Bigger Problem: AI Errors in Professional Reports

This is not the first time a major professional services firm has faced problems with AI-generated errors.

EY recently retracted a cybersecurity-related report after researchers found fabricated citations and other AI-style inaccuracies. Similar issues have also appeared in legal filings, academic papers and corporate documents.

The pattern shows a growing risk: AI can help teams write faster, but it can also create convincing false information if humans do not verify every claim.

This is especially risky in industries where credibility matters, such as consulting, law, finance, healthcare and government policy.

Why It Matters

The KPMG case highlights a major challenge for businesses using generative AI.

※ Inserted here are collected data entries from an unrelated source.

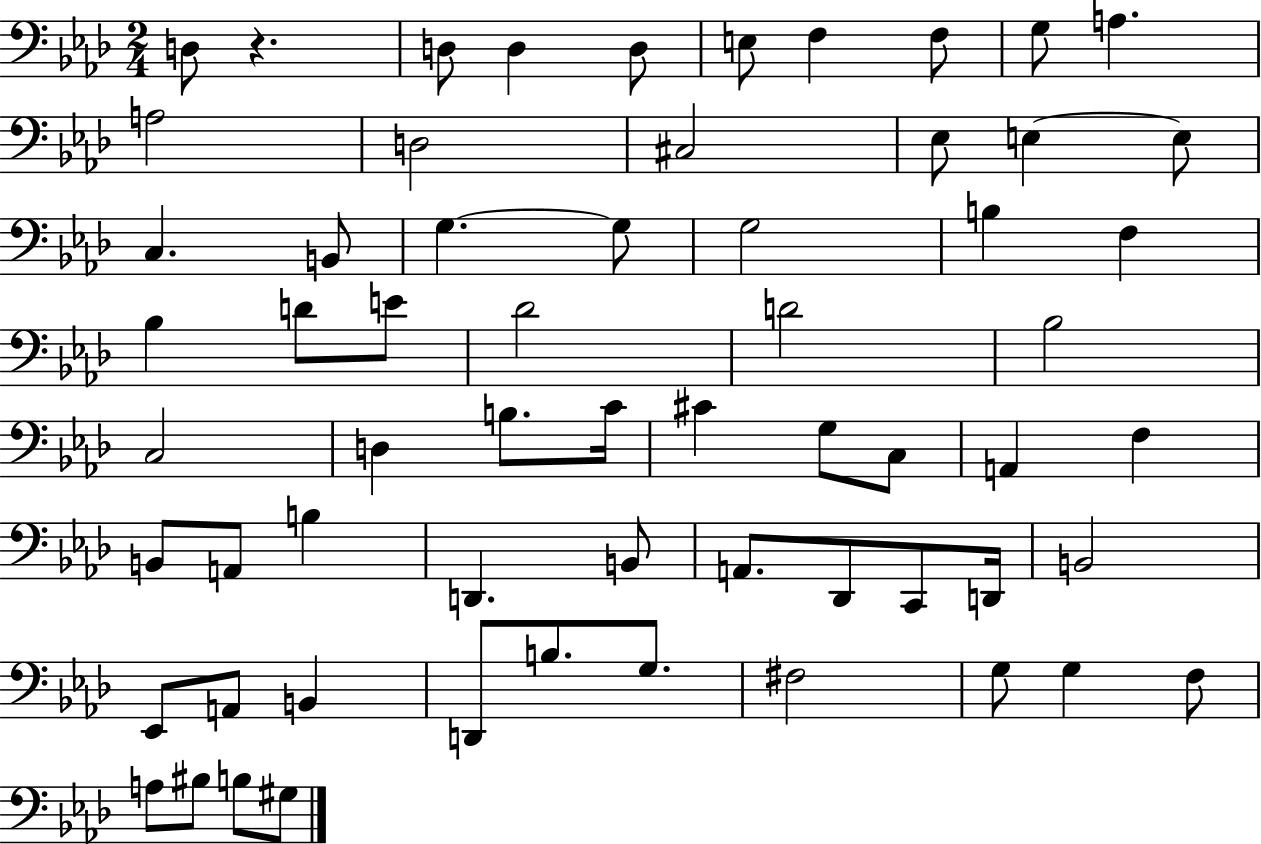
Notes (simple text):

D3/e R/q. D3/e D3/q D3/e E3/e F3/q F3/e G3/e A3/q. A3/h D3/h C#3/h Eb3/e E3/q E3/e C3/q. B2/e G3/q. G3/e G3/h B3/q F3/q Bb3/q D4/e E4/e Db4/h D4/h Bb3/h C3/h D3/q B3/e. C4/s C#4/q G3/e C3/e A2/q F3/q B2/e A2/e B3/q D2/q. B2/e A2/e. Db2/e C2/e D2/s B2/h Eb2/e A2/e B2/q D2/e B3/e. G3/e. F#3/h G3/e G3/q F3/e A3/e BIS3/e B3/e G#3/e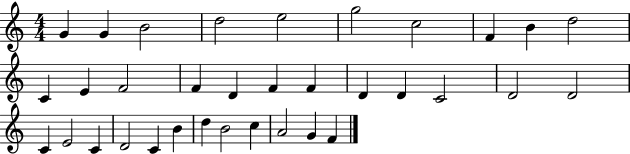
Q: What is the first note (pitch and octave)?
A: G4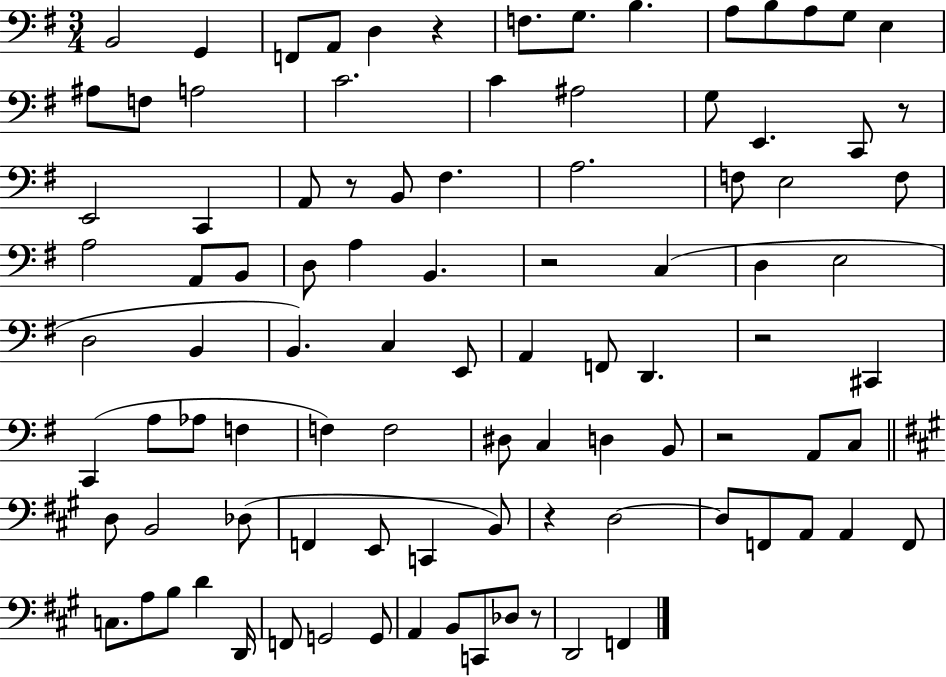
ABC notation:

X:1
T:Untitled
M:3/4
L:1/4
K:G
B,,2 G,, F,,/2 A,,/2 D, z F,/2 G,/2 B, A,/2 B,/2 A,/2 G,/2 E, ^A,/2 F,/2 A,2 C2 C ^A,2 G,/2 E,, C,,/2 z/2 E,,2 C,, A,,/2 z/2 B,,/2 ^F, A,2 F,/2 E,2 F,/2 A,2 A,,/2 B,,/2 D,/2 A, B,, z2 C, D, E,2 D,2 B,, B,, C, E,,/2 A,, F,,/2 D,, z2 ^C,, C,, A,/2 _A,/2 F, F, F,2 ^D,/2 C, D, B,,/2 z2 A,,/2 C,/2 D,/2 B,,2 _D,/2 F,, E,,/2 C,, B,,/2 z D,2 D,/2 F,,/2 A,,/2 A,, F,,/2 C,/2 A,/2 B,/2 D D,,/4 F,,/2 G,,2 G,,/2 A,, B,,/2 C,,/2 _D,/2 z/2 D,,2 F,,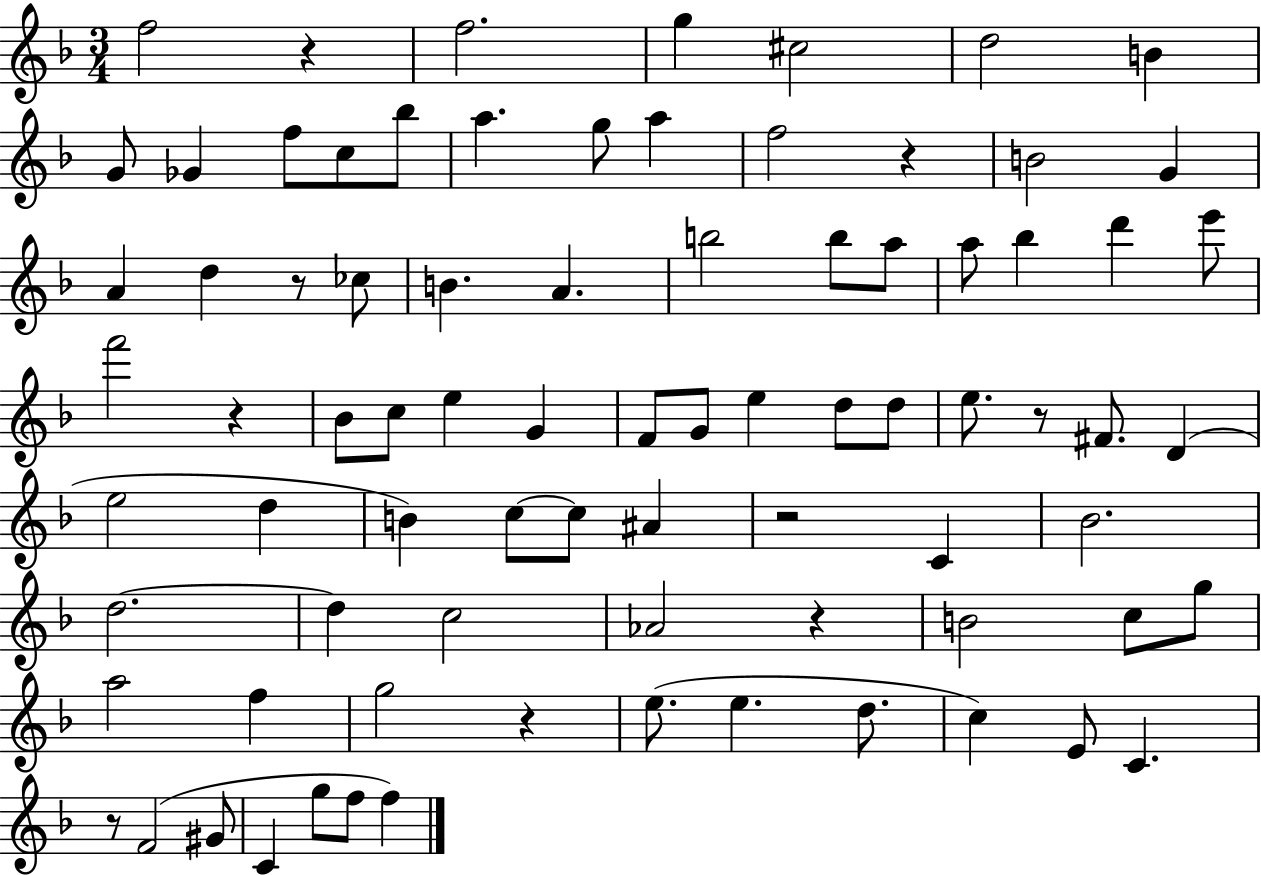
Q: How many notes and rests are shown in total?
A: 81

Many companies are encouraging employees to use AI to improve productivity. But if AI-generated content is not carefully checked, it can damage trust, create legal risk and spread false information.

The issue is not that AI cannot be useful. The issue is that AI outputs need strong human review, source checking and editorial control.

For companies publishing research, reports or market analysis, this means every citation, statistic, quote and case study must be verified before release.

Final Take

KPMG pulling its AI report is a reminder that AI can create serious credibility risks when used without enough oversight.

The irony is clear: a report promoting AI appears to have suffered from one of AI’s most well-known weaknesses.

As more companies use generative AI for research, writing and analysis, the pressure will grow for stronger fact-checking systems. AI may speed up content creation, but trust still depends on human verification.